INSTRUCTIONS FOR THE TASK
Exact copies of all the lines below are wanted, without a single picture.

RECORDED INFORMATION
★ ★ ★ ★

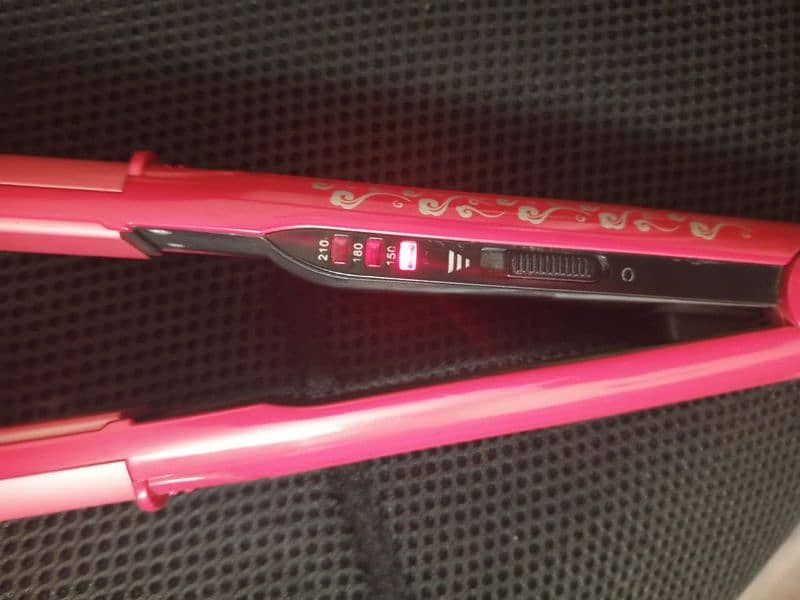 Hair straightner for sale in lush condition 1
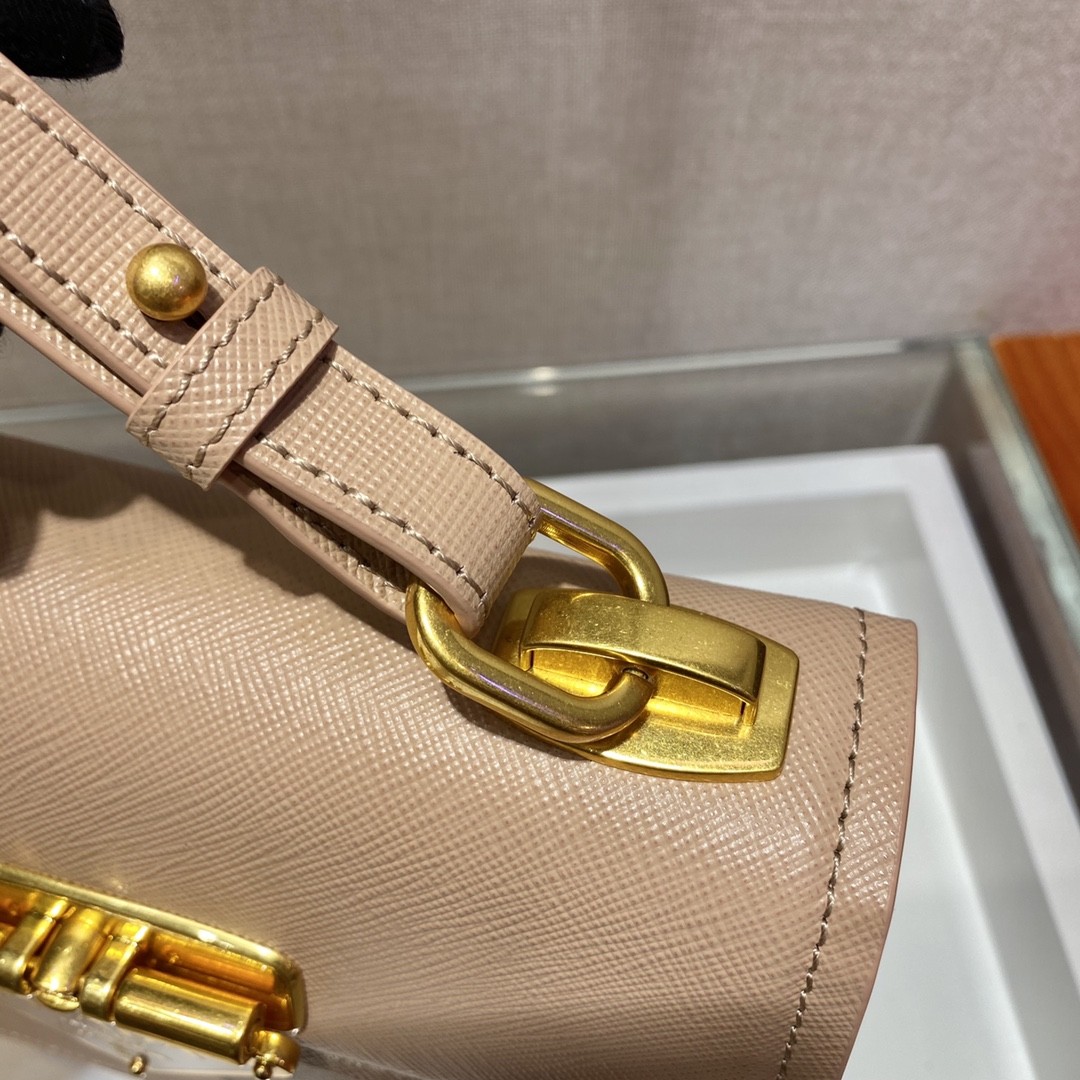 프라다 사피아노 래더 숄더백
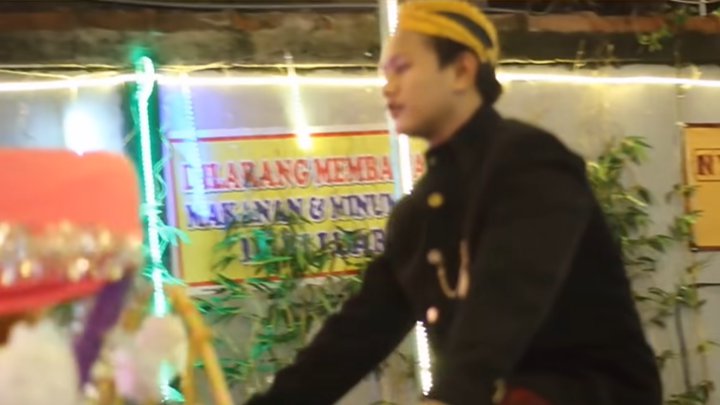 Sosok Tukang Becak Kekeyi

★ ★ ★ ★

SOLUTION
 Hair straightner for sale in lush condition 1
 프라다 사피아노 래더 숄더백
 Sosok Tukang Becak Kekeyi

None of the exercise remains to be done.